Please output the data below exactly as given, starting at its first line and stopping after the line that contains "Aunque surgió como".

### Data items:
◆ ◆ ◆ ◆

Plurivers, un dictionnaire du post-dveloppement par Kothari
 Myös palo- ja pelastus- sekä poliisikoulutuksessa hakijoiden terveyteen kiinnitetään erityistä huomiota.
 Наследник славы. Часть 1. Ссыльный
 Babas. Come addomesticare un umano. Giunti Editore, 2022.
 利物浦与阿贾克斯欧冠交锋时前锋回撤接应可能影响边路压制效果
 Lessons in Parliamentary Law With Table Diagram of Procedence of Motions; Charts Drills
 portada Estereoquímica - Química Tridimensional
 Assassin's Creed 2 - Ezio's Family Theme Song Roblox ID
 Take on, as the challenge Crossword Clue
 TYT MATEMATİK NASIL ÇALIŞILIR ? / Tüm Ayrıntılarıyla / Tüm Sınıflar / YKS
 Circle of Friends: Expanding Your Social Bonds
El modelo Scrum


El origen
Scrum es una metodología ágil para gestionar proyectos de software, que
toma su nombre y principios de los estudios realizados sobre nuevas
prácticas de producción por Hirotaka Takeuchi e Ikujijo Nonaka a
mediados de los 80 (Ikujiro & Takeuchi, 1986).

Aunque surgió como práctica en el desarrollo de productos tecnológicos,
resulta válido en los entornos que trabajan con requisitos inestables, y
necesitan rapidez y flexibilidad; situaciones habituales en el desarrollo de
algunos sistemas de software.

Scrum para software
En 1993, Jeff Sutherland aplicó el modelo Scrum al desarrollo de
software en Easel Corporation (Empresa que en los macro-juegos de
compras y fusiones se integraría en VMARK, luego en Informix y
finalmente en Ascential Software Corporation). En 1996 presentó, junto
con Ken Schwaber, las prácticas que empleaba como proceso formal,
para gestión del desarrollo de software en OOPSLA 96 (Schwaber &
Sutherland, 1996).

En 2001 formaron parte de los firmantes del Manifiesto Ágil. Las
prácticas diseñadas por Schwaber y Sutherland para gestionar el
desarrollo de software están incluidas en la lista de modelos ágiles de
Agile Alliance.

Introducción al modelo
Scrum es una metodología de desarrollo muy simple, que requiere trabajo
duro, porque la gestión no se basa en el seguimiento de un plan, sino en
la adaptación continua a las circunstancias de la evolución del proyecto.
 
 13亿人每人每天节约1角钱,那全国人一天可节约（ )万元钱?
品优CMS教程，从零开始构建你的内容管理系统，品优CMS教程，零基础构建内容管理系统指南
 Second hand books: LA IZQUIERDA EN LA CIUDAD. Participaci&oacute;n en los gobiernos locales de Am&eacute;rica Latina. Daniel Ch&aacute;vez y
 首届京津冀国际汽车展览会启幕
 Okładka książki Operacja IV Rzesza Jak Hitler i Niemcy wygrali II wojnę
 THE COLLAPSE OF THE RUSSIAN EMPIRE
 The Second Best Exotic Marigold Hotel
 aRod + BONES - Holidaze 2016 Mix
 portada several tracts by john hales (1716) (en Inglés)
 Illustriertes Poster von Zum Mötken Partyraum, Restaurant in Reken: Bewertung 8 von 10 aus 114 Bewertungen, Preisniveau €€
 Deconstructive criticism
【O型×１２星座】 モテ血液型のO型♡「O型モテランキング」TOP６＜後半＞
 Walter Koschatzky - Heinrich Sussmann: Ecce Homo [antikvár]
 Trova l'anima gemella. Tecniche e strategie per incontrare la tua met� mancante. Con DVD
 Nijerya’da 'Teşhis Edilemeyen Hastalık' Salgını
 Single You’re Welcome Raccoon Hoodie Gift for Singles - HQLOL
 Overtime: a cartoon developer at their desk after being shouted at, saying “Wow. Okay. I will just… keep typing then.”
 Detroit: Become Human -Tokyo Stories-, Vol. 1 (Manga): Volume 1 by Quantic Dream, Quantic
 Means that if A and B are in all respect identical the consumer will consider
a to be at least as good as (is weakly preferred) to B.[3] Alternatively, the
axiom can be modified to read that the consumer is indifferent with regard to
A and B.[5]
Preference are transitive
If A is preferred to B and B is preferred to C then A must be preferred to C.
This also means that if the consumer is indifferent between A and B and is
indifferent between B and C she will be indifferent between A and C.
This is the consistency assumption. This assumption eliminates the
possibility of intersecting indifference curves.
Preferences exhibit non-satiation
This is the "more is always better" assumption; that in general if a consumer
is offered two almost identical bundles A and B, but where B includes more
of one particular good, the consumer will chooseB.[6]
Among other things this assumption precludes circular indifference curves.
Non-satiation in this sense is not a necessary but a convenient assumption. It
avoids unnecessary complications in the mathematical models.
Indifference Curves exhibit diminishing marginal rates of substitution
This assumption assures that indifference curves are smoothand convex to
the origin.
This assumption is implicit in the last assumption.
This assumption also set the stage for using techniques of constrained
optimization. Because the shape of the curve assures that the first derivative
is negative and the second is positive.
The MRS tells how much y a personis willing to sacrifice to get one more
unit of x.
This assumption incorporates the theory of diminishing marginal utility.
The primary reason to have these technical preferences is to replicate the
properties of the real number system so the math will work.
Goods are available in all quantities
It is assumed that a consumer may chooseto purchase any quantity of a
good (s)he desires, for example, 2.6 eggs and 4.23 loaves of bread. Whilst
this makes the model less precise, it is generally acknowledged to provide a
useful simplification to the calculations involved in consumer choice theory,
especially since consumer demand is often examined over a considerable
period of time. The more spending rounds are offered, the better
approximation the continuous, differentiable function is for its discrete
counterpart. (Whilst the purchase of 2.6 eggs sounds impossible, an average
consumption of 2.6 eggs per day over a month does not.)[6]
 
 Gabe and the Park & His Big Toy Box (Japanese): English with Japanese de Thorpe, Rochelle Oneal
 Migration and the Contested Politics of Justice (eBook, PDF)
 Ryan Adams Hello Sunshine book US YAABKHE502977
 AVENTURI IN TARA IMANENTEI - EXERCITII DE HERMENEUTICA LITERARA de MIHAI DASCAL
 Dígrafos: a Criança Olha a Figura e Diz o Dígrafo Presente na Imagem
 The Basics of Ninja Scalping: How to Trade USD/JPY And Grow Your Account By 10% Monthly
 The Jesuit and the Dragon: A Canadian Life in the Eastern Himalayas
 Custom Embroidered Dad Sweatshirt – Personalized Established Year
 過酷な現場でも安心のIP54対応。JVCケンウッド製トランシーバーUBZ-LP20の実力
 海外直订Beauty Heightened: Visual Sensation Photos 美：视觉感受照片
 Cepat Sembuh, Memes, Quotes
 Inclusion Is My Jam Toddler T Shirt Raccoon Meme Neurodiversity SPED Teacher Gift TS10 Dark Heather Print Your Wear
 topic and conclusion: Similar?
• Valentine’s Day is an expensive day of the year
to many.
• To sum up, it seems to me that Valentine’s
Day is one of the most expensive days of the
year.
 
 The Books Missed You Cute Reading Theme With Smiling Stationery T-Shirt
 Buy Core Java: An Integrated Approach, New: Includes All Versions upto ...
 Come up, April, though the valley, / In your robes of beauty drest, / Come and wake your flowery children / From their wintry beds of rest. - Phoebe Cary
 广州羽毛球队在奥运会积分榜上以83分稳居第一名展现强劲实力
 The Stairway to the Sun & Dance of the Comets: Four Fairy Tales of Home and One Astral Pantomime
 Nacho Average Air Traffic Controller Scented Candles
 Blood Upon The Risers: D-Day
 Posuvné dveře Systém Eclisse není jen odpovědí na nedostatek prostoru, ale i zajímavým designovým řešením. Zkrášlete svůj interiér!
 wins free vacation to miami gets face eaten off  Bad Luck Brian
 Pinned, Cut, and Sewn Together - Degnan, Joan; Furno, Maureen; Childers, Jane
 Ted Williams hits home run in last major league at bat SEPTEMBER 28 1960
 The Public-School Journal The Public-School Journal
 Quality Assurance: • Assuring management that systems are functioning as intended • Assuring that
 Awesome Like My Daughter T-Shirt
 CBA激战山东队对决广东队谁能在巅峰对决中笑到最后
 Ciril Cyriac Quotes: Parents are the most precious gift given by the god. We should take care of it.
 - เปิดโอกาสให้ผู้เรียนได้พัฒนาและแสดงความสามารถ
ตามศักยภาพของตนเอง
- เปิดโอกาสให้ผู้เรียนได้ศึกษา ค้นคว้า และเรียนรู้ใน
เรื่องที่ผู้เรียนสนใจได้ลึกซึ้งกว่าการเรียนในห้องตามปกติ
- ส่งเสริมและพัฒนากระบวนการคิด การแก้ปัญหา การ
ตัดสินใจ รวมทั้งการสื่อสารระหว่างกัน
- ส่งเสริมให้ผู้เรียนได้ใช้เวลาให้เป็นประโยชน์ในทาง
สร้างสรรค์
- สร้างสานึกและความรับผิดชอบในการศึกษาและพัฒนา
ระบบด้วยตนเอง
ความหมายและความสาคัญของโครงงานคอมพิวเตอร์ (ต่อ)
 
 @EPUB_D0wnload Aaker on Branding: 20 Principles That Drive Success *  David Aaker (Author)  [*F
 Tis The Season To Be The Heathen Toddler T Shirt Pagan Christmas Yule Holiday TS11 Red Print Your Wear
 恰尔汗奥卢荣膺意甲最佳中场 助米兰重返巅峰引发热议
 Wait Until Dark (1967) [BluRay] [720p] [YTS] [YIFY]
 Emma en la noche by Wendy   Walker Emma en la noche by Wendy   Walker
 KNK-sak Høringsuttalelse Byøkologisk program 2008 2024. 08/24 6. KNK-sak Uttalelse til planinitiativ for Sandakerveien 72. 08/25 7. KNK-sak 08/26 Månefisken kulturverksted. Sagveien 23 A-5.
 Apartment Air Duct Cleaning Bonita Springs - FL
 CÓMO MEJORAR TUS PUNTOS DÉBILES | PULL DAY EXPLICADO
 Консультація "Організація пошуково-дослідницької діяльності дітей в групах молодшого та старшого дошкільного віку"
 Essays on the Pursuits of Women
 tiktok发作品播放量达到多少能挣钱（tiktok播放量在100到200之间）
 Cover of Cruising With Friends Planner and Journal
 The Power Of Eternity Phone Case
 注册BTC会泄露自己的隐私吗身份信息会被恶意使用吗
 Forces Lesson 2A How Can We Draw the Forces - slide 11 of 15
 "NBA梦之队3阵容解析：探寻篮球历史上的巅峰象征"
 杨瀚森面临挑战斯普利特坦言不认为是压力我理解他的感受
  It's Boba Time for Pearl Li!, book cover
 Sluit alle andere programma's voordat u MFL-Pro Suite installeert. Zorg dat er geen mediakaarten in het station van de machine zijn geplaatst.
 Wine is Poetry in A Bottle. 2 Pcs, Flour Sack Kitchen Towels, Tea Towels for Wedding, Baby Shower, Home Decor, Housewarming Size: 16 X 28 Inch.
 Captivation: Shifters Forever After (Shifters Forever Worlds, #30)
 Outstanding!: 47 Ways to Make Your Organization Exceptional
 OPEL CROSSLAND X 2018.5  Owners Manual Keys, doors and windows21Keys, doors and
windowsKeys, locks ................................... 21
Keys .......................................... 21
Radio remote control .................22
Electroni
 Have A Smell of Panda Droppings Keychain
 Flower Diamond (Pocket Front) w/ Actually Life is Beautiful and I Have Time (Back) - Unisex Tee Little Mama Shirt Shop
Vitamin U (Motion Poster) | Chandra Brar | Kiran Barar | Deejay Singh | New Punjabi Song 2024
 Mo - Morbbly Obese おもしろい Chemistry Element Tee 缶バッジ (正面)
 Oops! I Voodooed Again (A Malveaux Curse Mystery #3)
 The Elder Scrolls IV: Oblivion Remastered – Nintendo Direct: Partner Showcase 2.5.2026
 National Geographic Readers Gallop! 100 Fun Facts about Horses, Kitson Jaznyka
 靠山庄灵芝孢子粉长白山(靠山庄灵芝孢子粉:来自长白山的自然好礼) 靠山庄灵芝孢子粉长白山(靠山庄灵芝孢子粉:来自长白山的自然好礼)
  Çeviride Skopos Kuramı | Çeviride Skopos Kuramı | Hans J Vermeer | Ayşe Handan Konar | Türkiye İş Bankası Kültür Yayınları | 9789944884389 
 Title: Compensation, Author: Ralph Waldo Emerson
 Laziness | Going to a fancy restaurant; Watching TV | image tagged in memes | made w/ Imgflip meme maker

◆ ◆ ◆ ◆

### RESPONSE:
Plurivers, un dictionnaire du post-dveloppement par Kothari
 Myös palo- ja pelastus- sekä poliisikoulutuksessa hakijoiden terveyteen kiinnitetään erityistä huomiota.
 Наследник славы. Часть 1. Ссыльный
 Babas. Come addomesticare un umano. Giunti Editore, 2022.
 利物浦与阿贾克斯欧冠交锋时前锋回撤接应可能影响边路压制效果
 Lessons in Parliamentary Law With Table Diagram of Procedence of Motions; Charts Drills
 portada Estereoquímica - Química Tridimensional
 Assassin's Creed 2 - Ezio's Family Theme Song Roblox ID
 Take on, as the challenge Crossword Clue
 TYT MATEMATİK NASIL ÇALIŞILIR ? / Tüm Ayrıntılarıyla / Tüm Sınıflar / YKS
 Circle of Friends: Expanding Your Social Bonds
El modelo Scrum


El origen
Scrum es una metodología ágil para gestionar proyectos de software, que
toma su nombre y principios de los estudios realizados sobre nuevas
prácticas de producción por Hirotaka Takeuchi e Ikujijo Nonaka a
mediados de los 80 (Ikujiro & Takeuchi, 1986).

Aunque surgió como práctica en el desarrollo de productos tecnológicos,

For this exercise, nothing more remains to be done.